Após escrevermos sobre a teoria do “débito” e do “crédito” na coluna de 20/3/13, recebemos uma solicitação para escrever sobre Ativo e Passivo.

Então, conforme dissemos na coluna referida, “débito” é uma expressão usada para identificar as coisas que uma pessoa possui. Por exemplo, se eu tenho um automóvel, posso dizer “débito de automóvel”. Posso dizer o mesmo também no caso de uma conta de luz. A “origem” deste automóvel, bem como desta conta de luz, é representada pelo “crédito”, pois “crédito” é de onde veio o nosso “débito”.

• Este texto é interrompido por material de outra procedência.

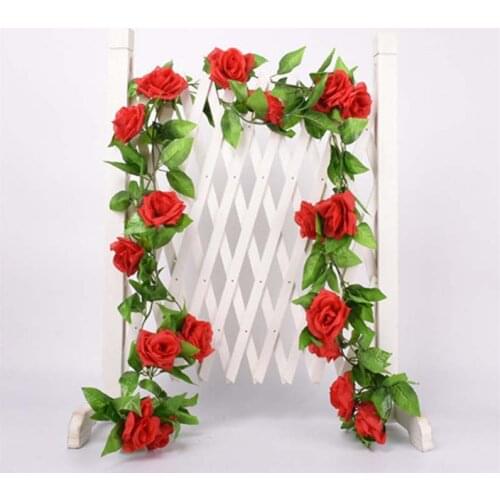 1 Pcs Silk Roses Ivy Vine with Green Leaves For Home Wedding Decoration Fake leaf diy Hanging Garland Artificial Flowers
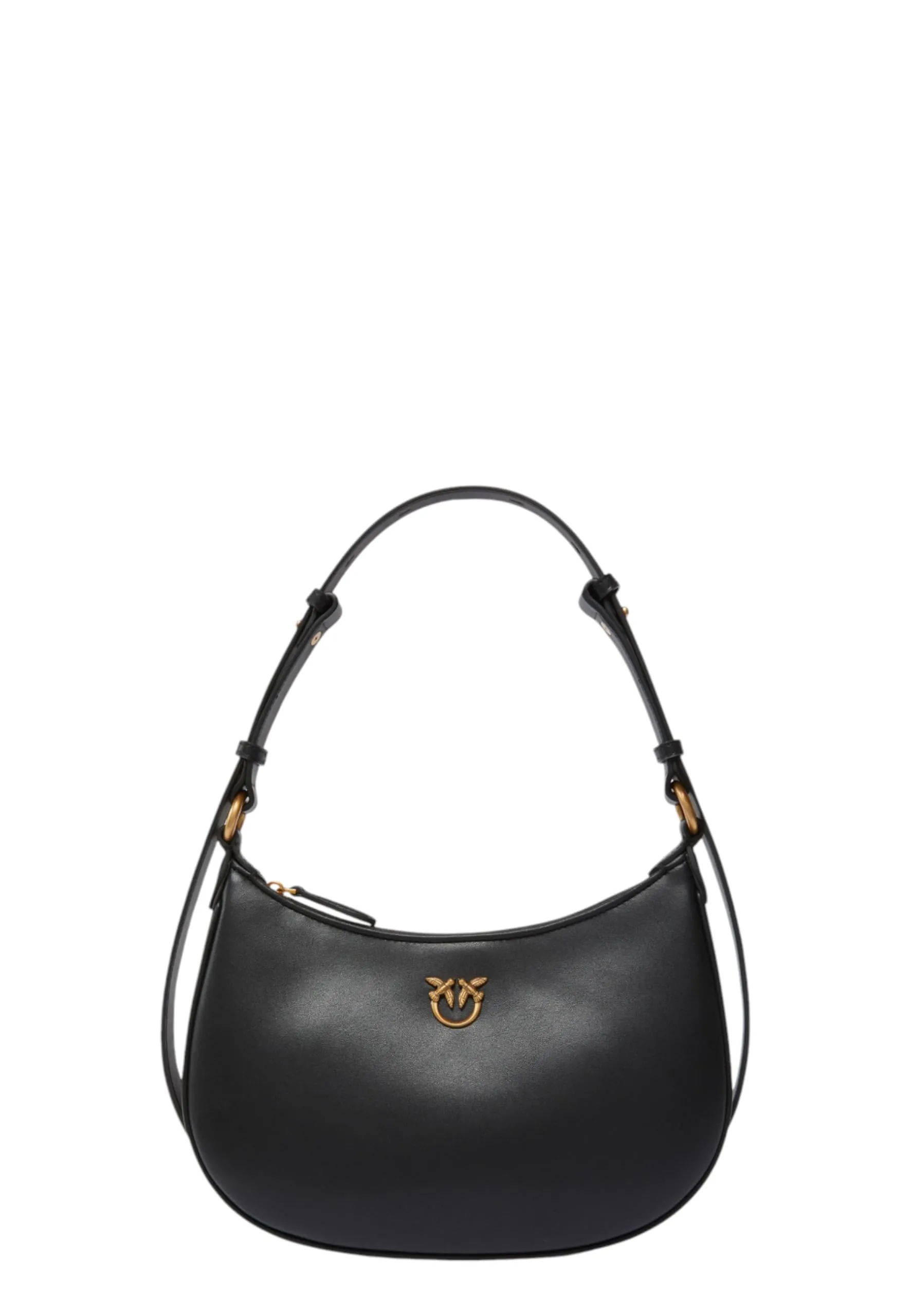 Pinko Half Moon Mini FL Vitello Seta Borsa Donna Nero-Antique Gold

A Ciência Contábil separou os débitos e os créditos em duas demonstrações: a Demonstração Financeira ou Patrimonial e a Demonstração Econômica. Falaremos hoje sobre a Demonstração Financeira ou Patrimonial, que, em termos de conceitos e de estrutura, foi ratificada pela Lei 6.404/76.

A Demonstração Financeira ou Patrimonial relaciona os “débitos” (coisas que temos) que possuem liquidez; ou seja, “coisas” que podem ser objeto de troca; “coisas” que alguém pode ter interesse em possuir; “coisas” que podem ser transformadas em dinheiro, revendidas; “coisas” que geram fluxo de caixa (exemplo: veículo, sapato, dinheiro em banco, duplicatas a receber, etc.). Essas coisas que têm liquidez recebem o nome de “Ativo”. Assim, Ativo são todos os débitos que possuem liquidez.

A origem destes débitos (o “crédito”), para fazer parte da Demonstração Financeira ou Patrimonial, deve gerar obrigações para a pessoa jurídica, obrigações estas que precisam ser pagas, devolvidas. Exemplificando: Se eu adquiro um automóvel financiado, a “origem” deste automóvel – que é o financiamento – fará parte da Demonstração Financeira ou Patrimonial, porque esse “crédito” precisará ser pago, devolvido. Esses créditos recebem o nome de “Passivo”. É por esse motivo que os passivos representam as obrigações da pessoa jurídica. Dessa forma, a Demonstração Financeira ou Patrimonial é representada pelos ativos e passivos da pessoa jurídica.

Uma pergunta que nos é feita com frequência é se o grupo do Patrimônio Líquido – formado por contas credoras, que representam a origem das “coisas” que temos – é um grupo do Passivo ou não. Respondemos que, do ponto de vista legal, de acordo com as leis brasileiras, sim. O Passivo é formado pelo Passivo Circulante, pelo Passivo Não Circulante e pelo Patrimônio Líquido.

O Conselho Federal de Contabilidade diz que o Passivo representa somente as origens, os créditos, representados pelas obrigações para com terceiros; e que as obrigações que a pessoa jurídica possui para com os seus donos não representam “Passivo”. Discordamos a respeito desta questão, mas este é um assunto que pretendemos abordar futuramente.

Concluindo, a Demonstração Financeira ou Patrimonial é formada pelas contas que temos (débito), que possuem liquidez (Ativo), cujas origens são oriundas das obrigações (Passivo) que a pessoa jurídica assumiu.